IBM Data Science Case Study
Overview:
Your client, The Mayor of New York City, needs a better understanding of Citi Bike ridership. He wants an Operating Report for January 2017 on his desk by the end of the week. Based on previous engagements we know the mayor is a big fan of visualizing data in charts.
Luckily, Citi Bike publishes quarterly trip data available for you to download and analyze. The data includes:
- Trip Duration (seconds)
- Start Time and Date
- Stop Time and Date
- Start Station Name
- End Station Name
- Station ID
- Station Lat/Long
- Bike ID
- User Type
- (Customer = 24-hour pass or 3-day pass user; Subscriber = Annual Member)
- Gender (Zero=unknown; 1=male; 2=female)
- Year of Birth
Data can be downloaded here:
https://www.citibikenyc.com/system-data
The client wants to see a variety of data visualizations to answer the following questions:
- Top 5 stations with the most starts (showing # of starts)

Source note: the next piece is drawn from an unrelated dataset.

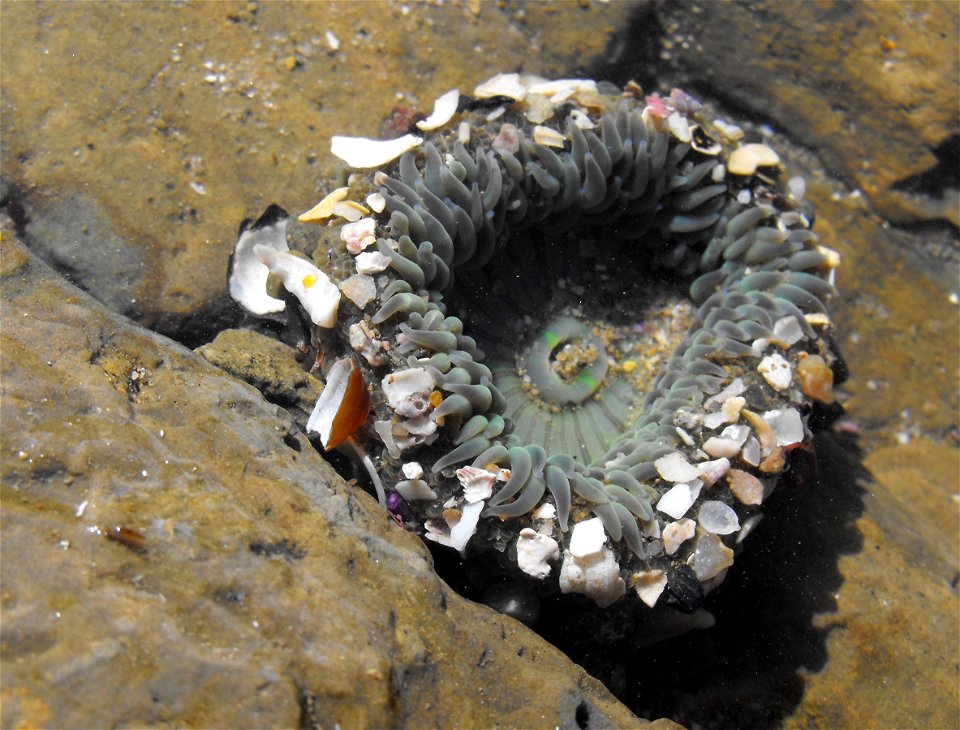 Anthopleura sola at the tidepools at Cabrillo National Monument, San Diego, California, USA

- Trip duration by user type
- Most popular trips based on start station and stop station)
- Rider performance by Gender and Age based on avg trip distance (station to station), median speed (distance traveled / trip duration)
- What is the busiest bike in NYC in 2017? How many times was it used? How many minutes was it in use?
Additionally, the Mayor has an idea that he wants to pitch to Citi Bike and needs your help proving its feasibility. He would like Citi Bike to add a new feature to their kiosks:
“Enter a destination and we’ll tell you how long the trip will take”.
We need you to build a model that can predict how long a trip will take given a starting point and destination. You will need to get creative about the factors that will predict travel time. Include model evaluation statistics and discussion of predictive features.